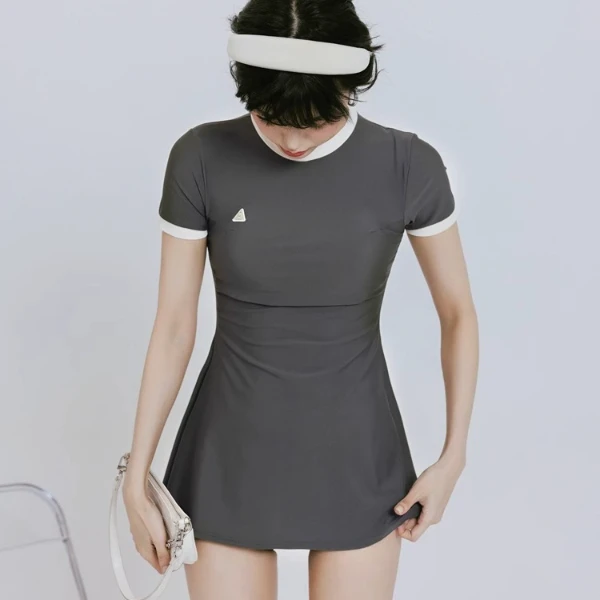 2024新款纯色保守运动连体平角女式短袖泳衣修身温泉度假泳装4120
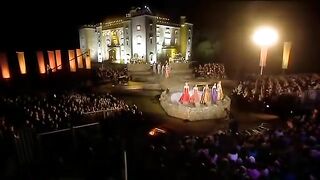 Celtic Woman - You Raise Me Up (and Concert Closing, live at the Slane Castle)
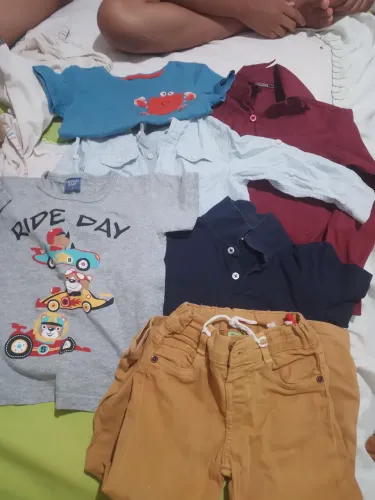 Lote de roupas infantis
───
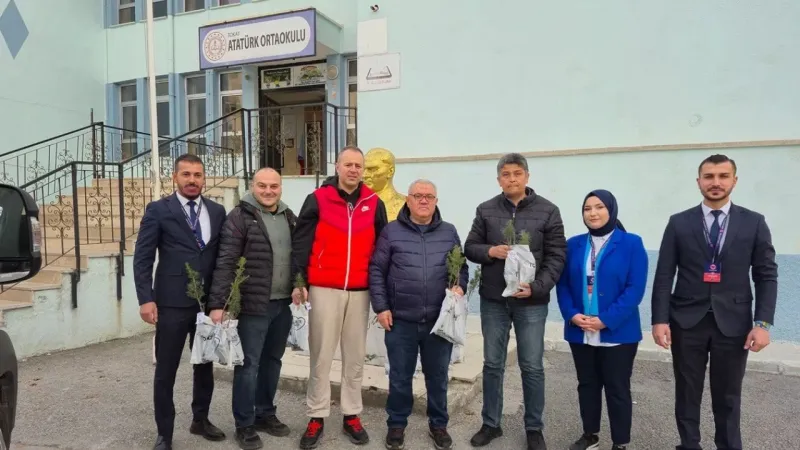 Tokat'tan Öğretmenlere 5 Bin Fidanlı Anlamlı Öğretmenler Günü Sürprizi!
───
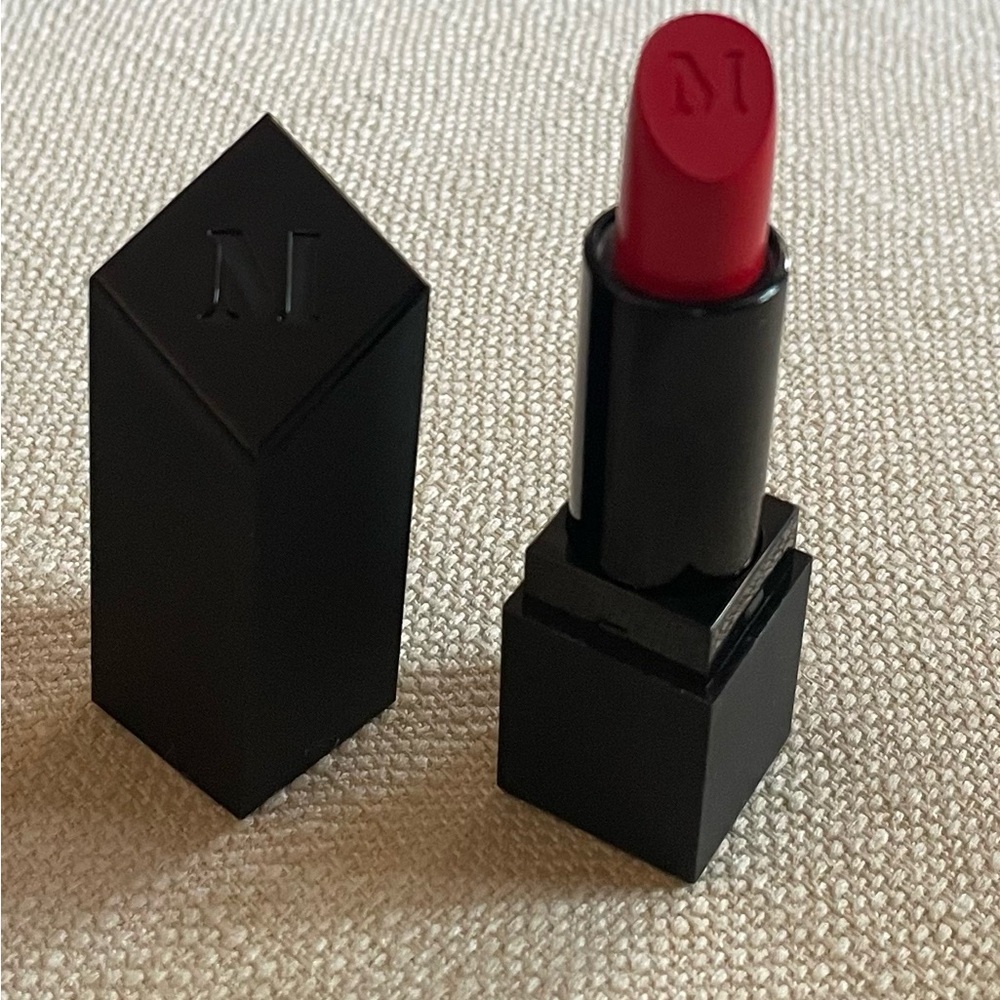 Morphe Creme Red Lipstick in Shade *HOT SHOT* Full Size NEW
───
■ BRIEF ■
Find the line with "Celtic Woman - You" in the entries above. Set down exactly every line from it up to and including the line with "Lote de roupas infantis", images excluded.

■ REPLY ■
 Celtic Woman - You Raise Me Up (and Concert Closing, live at the Slane Castle)
 Lote de roupas infantis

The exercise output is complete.